After former engineer Susan Fowler wrote a blog post alleging she was sexually harassed and experienced gender discrimination during her tenure at the ride-hailing company, Uber announced that it hired former Attorney General Eric Holder to investigate the claims. The company released the report’s recommendations, which call for changes in leadership, human resources and culture, on Tuesday. The company also fired 20 staffers and its CEO Travis Kalanick announced he’ll take a leave of absence in order to grieve for his mother.

“Implementing these recommendations will improve our culture, promote fairness and accountability, and establish processes and systems to ensure the mistakes of the past will not be repeated,” Uber said in a statement about adopting the recommendations from the Holder report. “While change does not happen overnight, we’re committed to rebuilding trust with our employees, riders and drivers.”

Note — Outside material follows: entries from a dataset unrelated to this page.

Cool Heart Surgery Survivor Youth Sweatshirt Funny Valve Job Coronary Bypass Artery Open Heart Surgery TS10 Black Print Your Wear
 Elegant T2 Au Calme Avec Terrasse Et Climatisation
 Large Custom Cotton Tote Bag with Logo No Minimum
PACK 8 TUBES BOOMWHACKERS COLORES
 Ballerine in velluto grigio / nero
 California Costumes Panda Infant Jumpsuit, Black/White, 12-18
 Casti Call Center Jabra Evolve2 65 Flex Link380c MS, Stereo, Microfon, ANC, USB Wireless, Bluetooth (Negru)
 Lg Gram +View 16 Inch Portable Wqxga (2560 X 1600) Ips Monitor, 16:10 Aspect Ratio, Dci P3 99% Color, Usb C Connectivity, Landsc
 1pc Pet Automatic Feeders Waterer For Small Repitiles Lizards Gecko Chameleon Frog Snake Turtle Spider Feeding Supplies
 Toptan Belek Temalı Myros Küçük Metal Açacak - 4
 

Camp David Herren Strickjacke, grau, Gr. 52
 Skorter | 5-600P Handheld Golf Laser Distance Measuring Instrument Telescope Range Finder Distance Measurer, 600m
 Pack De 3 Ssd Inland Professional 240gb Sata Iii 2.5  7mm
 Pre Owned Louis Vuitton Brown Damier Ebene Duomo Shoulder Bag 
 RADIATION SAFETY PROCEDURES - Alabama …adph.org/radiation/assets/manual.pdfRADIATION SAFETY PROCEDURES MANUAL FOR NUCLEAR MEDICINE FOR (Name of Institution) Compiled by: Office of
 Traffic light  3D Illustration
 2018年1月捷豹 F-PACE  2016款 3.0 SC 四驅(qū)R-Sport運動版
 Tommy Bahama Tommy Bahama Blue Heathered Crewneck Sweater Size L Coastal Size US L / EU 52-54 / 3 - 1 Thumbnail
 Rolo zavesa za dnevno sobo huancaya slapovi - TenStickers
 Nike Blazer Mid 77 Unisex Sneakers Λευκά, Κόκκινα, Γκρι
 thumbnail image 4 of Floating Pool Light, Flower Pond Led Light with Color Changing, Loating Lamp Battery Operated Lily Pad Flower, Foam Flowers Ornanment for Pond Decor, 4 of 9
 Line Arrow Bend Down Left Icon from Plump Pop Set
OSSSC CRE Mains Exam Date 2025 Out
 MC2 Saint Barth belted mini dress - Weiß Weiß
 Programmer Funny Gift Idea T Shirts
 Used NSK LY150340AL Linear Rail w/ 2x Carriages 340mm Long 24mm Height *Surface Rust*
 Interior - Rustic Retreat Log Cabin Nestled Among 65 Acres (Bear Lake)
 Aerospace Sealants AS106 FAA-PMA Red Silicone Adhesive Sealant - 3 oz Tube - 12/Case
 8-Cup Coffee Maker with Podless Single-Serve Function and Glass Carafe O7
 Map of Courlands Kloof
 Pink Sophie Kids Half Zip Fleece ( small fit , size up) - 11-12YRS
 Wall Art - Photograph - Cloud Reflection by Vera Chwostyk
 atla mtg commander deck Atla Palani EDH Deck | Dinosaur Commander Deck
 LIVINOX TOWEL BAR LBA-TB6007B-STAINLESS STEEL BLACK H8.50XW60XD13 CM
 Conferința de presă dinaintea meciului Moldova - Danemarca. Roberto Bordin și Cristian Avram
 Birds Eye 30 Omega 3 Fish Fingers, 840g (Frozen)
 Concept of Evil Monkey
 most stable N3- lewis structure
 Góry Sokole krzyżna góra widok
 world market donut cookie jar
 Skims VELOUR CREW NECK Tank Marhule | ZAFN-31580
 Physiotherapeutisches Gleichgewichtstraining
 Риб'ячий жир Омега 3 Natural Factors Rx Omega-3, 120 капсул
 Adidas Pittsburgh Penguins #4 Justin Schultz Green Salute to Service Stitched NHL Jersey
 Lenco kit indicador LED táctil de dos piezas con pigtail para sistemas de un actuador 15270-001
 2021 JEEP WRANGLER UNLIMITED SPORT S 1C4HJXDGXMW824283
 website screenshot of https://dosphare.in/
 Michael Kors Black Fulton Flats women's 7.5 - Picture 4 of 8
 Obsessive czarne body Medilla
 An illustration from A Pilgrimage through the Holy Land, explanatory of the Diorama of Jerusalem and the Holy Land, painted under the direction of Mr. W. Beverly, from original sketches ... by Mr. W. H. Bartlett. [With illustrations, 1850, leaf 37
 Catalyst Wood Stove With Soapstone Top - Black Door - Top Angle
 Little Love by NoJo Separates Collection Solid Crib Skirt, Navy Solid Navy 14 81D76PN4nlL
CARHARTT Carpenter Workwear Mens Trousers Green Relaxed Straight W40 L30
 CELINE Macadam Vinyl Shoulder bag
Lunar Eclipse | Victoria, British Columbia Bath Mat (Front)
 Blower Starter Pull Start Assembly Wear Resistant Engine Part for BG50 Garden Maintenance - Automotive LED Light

But, at Tuesday’s meeting, while board member Arianna Huffington spoke about the importance of adding women to corporate boards, fellow board member David Bonderman interrupted her to make a joke about how women talk too much. Bonderman apologized and later resigned from the board. Later at the meeting, Uber’s Human Resources Chief Liane Hornsey asked the employees in the room to stand up and give others a hug, according to the New York Times‘ Mike Isaac.

This isn’t the first time Uber has stumbled in its attempts to curb its culture. Last week, Huffington said that Kalanick had begun meditating in an office lactation room. “Literally, it was an amazing moment last week when we were in the office and he said, ‘I really need to go meditate in order to be in a place to make good decisions right now,'” Huffington said, according to CNBC. “And literally [he] went into a lactation room that happened to be open, because they don’t have meditation rooms yet. This is part of the change coming.” As some noted, a male CEO using a space reserved for nursing mothers for his personal use probably isn’t the best way to signal that women are valued at the company.

The message on social media was clear: Uber’s actions still speak louder than words.